Treaty of Larache
- Signed: April 5, 1845
- Location: Larache, Morocco
- Ratified: May, 1845
- Negotiators: Mathias Ehrenoff Carl Ulner Carstensen Buselham Ben-Ali Abd al-Rahman
- Signatories: Mathias Ehrenoff Carl Ulner Buselham ben-ali
- Parties: Sweden-Norway Denmark Morocco

= Treaty of Larache =

The Treaty of Larache was a treaty between Sweden-Norway, Denmark and Morocco as a result of the Moroccan expedition (1843-45). The expedition was conducted by the combined navies of Sweden-Norway and Denmark to pressure the Moroccan sultanate into agreeing to the reversal of several old unfair treaties and to put a halt to the annual payment of tribute to Morocco in exchange for safe passage through the Mediterranean. After months of negotiations, the Moroccan sultan, Abd al-Rahman, eventually caved under the pressure from the allied powers in April 1845 in Larache as Morocco was very weak at this time due to them simultaneously fighting in the Franco-Moroccan War.

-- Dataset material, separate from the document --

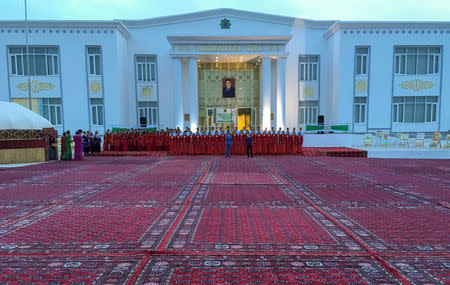 Artists performs in front of a polling station during a parliamentary election in Ashgabat, Turkmenistan March 25, 2018. REUTERS/Marat Gurt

The treaty was later ratified in Stockholm in May.

==Stipulations==

- Sweden-Norway pays a final sum of 133 532 riksdalers to Morocco.
- The payment of an annual tribute to Morocco for safe passage seizes without any repercussions from the sultanate.
- Morocco does not receive any payments or gifts previously promised by Sweden-Norway and Denmark including 56,000 piasters.